- Material shown:
== Segment start ==
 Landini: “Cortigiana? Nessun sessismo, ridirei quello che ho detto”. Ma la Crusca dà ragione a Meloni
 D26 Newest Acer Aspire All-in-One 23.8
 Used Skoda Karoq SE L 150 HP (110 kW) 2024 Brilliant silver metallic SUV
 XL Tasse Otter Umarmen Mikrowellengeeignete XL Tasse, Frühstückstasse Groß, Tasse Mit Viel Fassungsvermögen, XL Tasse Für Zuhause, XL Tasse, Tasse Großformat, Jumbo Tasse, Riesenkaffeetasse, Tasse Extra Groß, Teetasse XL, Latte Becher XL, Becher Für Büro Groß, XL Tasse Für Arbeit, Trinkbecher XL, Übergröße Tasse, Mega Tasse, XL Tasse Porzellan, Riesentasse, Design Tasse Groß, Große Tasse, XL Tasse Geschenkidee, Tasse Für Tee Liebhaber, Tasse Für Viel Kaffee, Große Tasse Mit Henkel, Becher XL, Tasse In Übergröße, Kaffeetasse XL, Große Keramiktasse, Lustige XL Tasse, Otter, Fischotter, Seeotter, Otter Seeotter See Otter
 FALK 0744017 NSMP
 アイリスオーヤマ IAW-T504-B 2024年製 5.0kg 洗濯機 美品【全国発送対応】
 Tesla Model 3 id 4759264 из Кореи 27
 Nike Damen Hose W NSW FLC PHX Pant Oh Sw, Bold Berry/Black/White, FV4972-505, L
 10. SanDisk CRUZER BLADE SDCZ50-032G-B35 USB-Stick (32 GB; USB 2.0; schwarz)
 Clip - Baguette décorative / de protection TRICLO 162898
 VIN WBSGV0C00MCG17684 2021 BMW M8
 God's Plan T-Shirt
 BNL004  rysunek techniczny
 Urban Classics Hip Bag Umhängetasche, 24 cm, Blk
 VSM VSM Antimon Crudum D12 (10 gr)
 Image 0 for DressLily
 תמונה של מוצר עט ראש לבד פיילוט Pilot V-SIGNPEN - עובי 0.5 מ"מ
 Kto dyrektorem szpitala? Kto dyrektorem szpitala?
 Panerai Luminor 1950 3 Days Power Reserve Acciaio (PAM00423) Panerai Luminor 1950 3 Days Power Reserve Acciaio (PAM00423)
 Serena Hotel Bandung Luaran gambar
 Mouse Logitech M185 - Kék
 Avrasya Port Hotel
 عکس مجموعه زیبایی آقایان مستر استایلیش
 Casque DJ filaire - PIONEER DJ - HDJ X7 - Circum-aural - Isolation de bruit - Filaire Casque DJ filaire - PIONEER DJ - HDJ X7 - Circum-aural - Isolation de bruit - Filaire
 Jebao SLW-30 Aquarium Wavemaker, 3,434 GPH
== Segment end ==
The lines from the one containing "Mouse Logitech M185 - Kék" through the last line of the records are to be transcribed exactly, with nothing else added.

 Mouse Logitech M185 - Kék
 Avrasya Port Hotel
 عکس مجموعه زیبایی آقایان مستر استایلیش
 Casque DJ filaire - PIONEER DJ - HDJ X7 - Circum-aural - Isolation de bruit - Filaire Casque DJ filaire - PIONEER DJ - HDJ X7 - Circum-aural - Isolation de bruit - Filaire
 Jebao SLW-30 Aquarium Wavemaker, 3,434 GPH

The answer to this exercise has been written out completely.